● Given material:
----------------

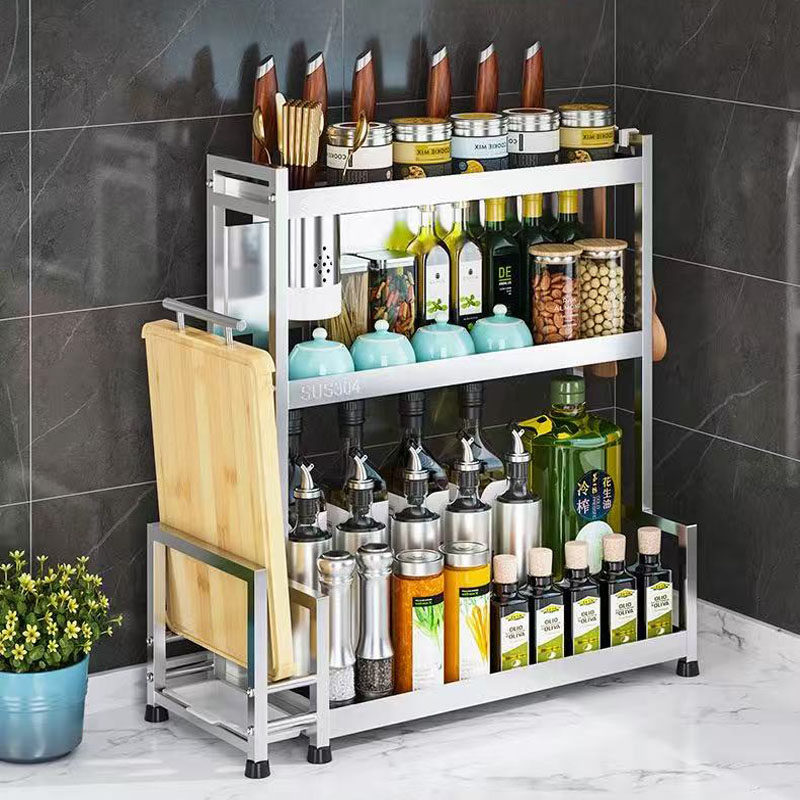 304不锈钢调味料架厨房多功能台面置物架调味品油盐酱醋收纳刀架,厨房/烹饪用具,调料置物架,淘宝优惠券,粉丝福利购,淘宝优惠卷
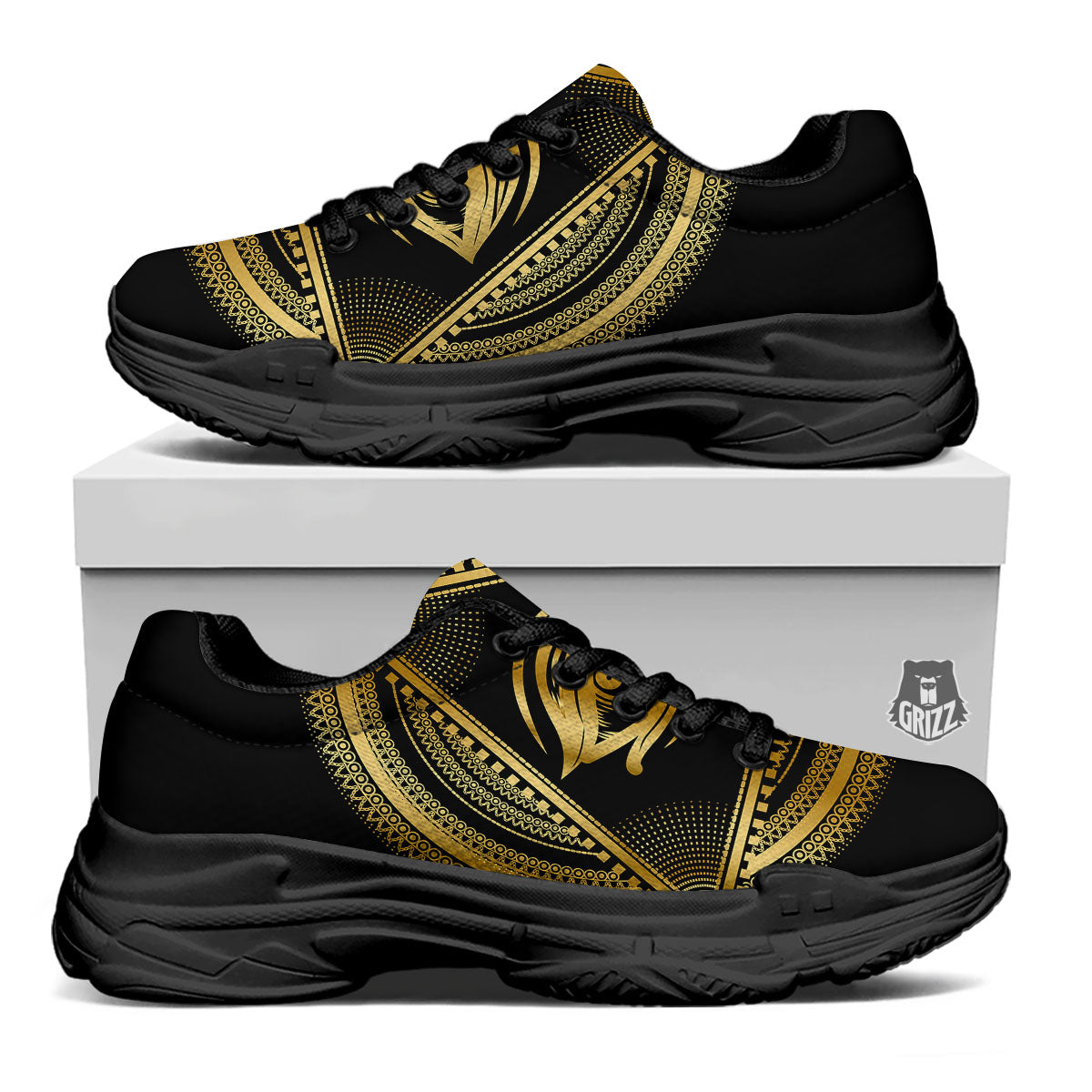 Eye of Providence Gold And Black Print Black Chunky Shoes-grizzshop
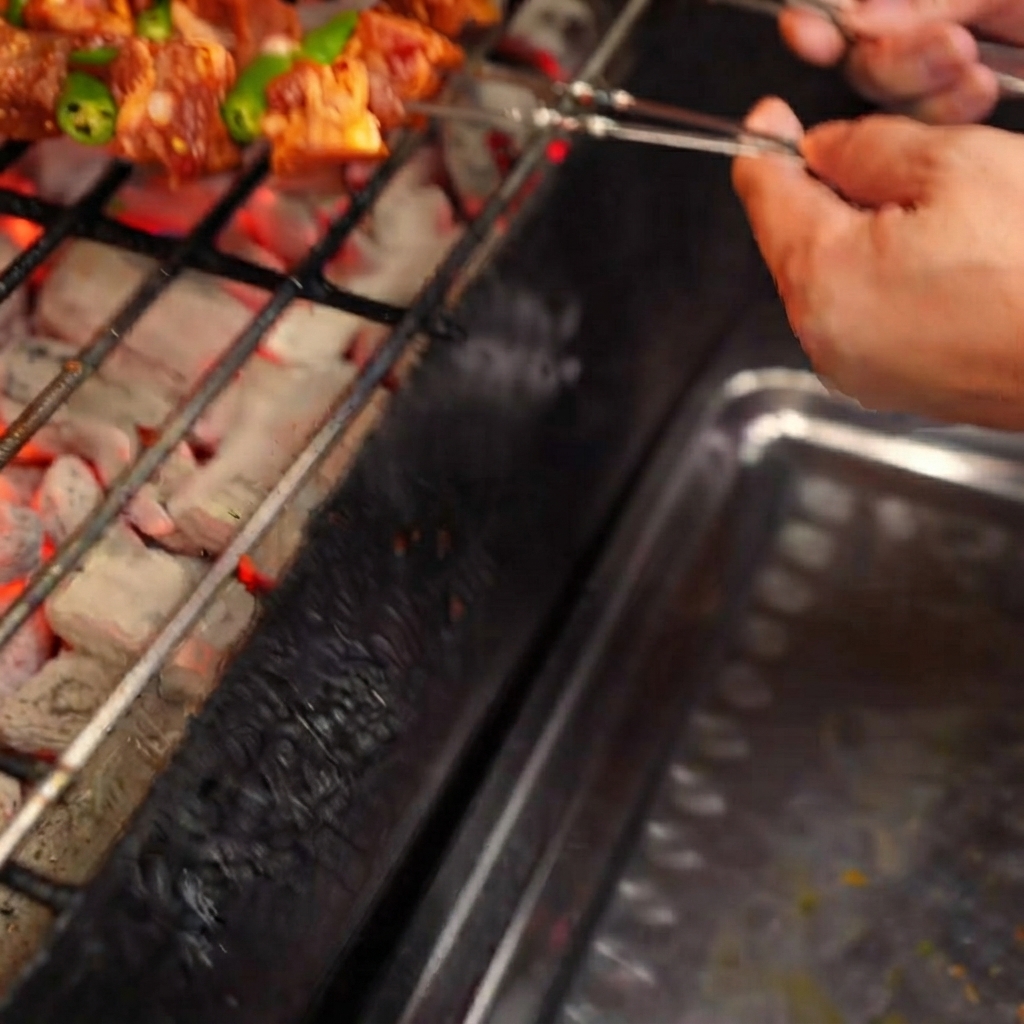 Des mains plaçant des brochettes de viande et de poivrons verts sur une grille de barbecue à charbon noire.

----------------

● What to do:
Please transcribe each line above exactly, but leave the images out.

● The answer:
 304不锈钢调味料架厨房多功能台面置物架调味品油盐酱醋收纳刀架,厨房/烹饪用具,调料置物架,淘宝优惠券,粉丝福利购,淘宝优惠卷
 Eye of Providence Gold And Black Print Black Chunky Shoes-grizzshop
 Des mains plaçant des brochettes de viande et de poivrons verts sur une grille de barbecue à charbon noire.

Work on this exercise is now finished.